Franklin Delano Roosevelt

    Aus Lexikon Drittes Reich

    amerikanischer Politiker

    geboren: 30. Januar 1882 in Hyde Park, New York gestorben: 12. April 1945 in Warm Springs, Georgia


    1912 Senator in New York (Demokratische Partei), 1913-20 Unterstaatssekretär für Marine und 1919 Leiter der amerikanischen Demobilisierung in Europa nach dem Ersten Weltkrieg. Roosevelts Karriere erhielt 1920/21 einen Knick, als er sich zunächst erfolglos um die Vizepräsidentschaft bewarb und dann durch Erkrankung an Kinderlähmung an den Rollstuhl gefesselt wurde. Bis 1928 weiter als Anwalt tätig, wurde Roosevelt im Jahr darauf zum Gouverneur von New York und Ende 32 gegen den Amtsinhaber Hoover zum 32. Präsidenten der USA gewählt. Als einzigem US-Präsidenten gelang ihm noch dreimal die Wiederwahl (1936, 1940 und 1944), so dass sich seine Amtszeit fast auf den Tag genau mit der Dauer des Dritten Reichs und so mit Hitlers Amtszeit deckte.
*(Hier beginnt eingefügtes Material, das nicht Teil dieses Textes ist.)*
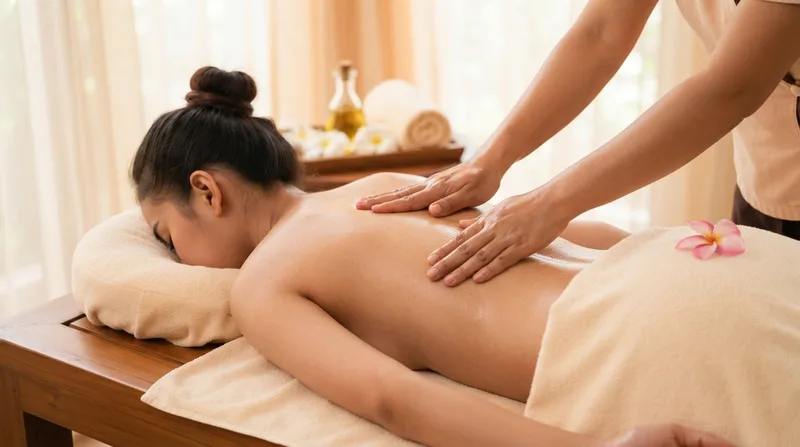 Rückenmassage bei Puti Bungsu Head Spa & Massage in Holzwickede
    Wie dieser stand Roosevelt bei Regierungsantritt vor dem Problem der Überwindung der Weltwirtschaftskrise und wie diesem gelang ihm das letztlich erst durch Aufrüstungspolitik. Sie griff in den USA allerdings wesentlich später wegen der isolationistischen öffentlichen Meinung, die Roosevelt lange die Hände band. Immerhin gelang ihm mit dem Programm des "New Deal" (Neuverteilung) ein allmählicher Kurswechsel vom totalen Wirtschaftsliberalismus zum Sozialstaat (Arbeitslosenunterstützung, Altersversorgung u. a.), der die gesellschaftlichen Widersprüche dämpfte und Roosevelts Popularität sicherte. Das ermöglichte ihm, zunehmend Front zu machen gegen die Expansionspolitik Deutschlands, Italiens und Japans und nach Kriegsbeginn England großzügig zu unterstützen ( Leih- und Pachtgesetz). Nach dem deutschen Angriff auf die Sowjetunion (22. 6. 41) schlug sich das in der Atlantik-Charta nieder und mündete in den Kriegseintritt der USA nach dem japanischen Überfall auf Pearl Harbor. Die Mobilisierung der ganzen amerikanischen Wirtschaftskraft entschied letztlich den Zweiten Weltkrieg zugunsten der Alliierten.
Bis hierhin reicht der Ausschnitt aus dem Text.